*Exercise*:
Please write out only the lines from the one containing "Leopard Pattern Print" through the last line of the listing. Do not include pictures.

-------- Supplied data --------

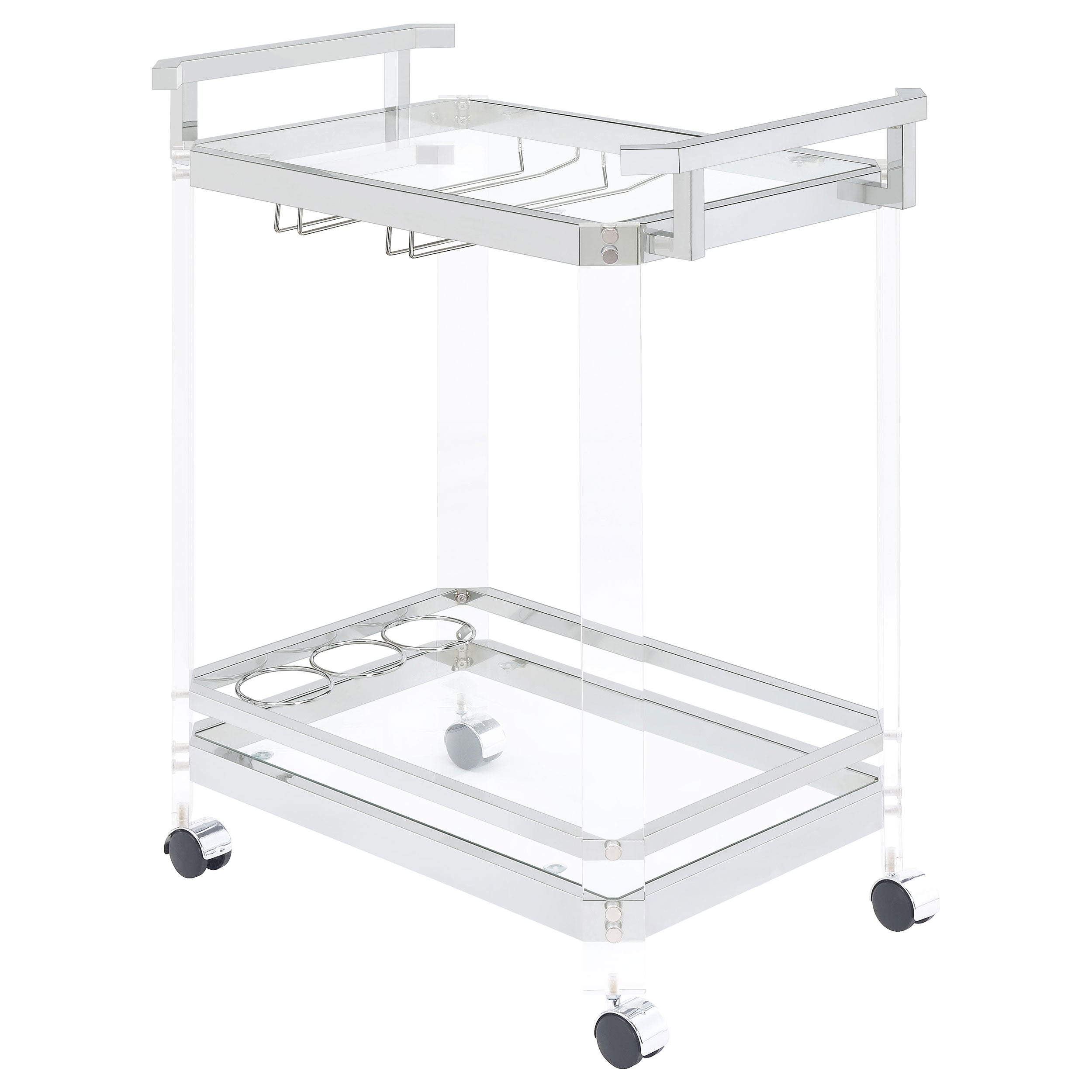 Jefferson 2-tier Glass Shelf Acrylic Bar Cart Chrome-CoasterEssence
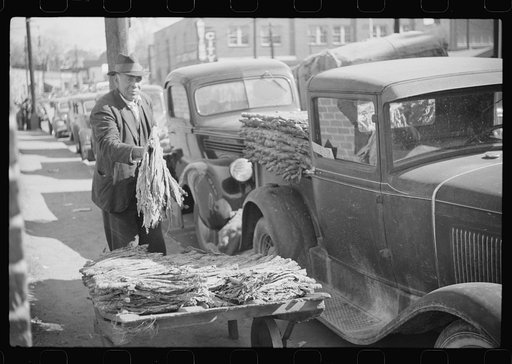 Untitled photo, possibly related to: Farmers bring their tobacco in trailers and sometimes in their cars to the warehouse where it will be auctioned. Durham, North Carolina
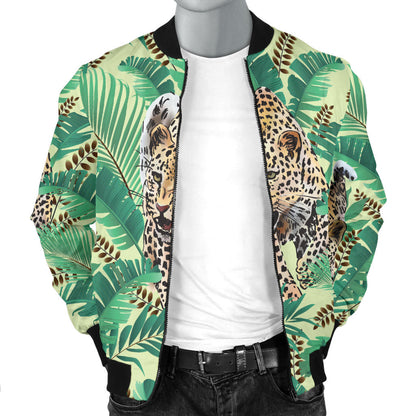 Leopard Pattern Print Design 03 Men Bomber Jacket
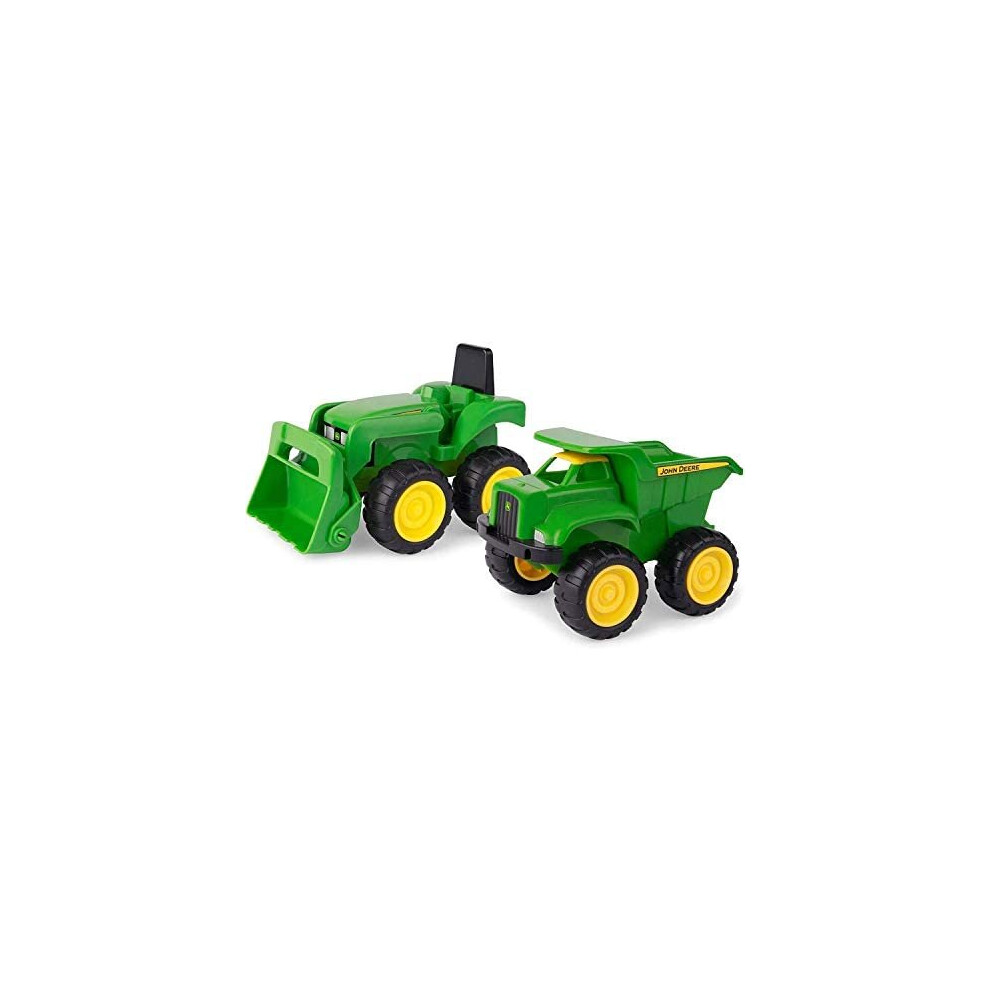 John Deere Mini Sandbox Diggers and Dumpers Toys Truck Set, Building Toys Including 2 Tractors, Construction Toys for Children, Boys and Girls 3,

--------

*Exercise answer*:
 Leopard Pattern Print Design 03 Men Bomber Jacket
 John Deere Mini Sandbox Diggers and Dumpers Toys Truck Set, Building Toys Including 2 Tractors, Construction Toys for Children, Boys and Girls 3,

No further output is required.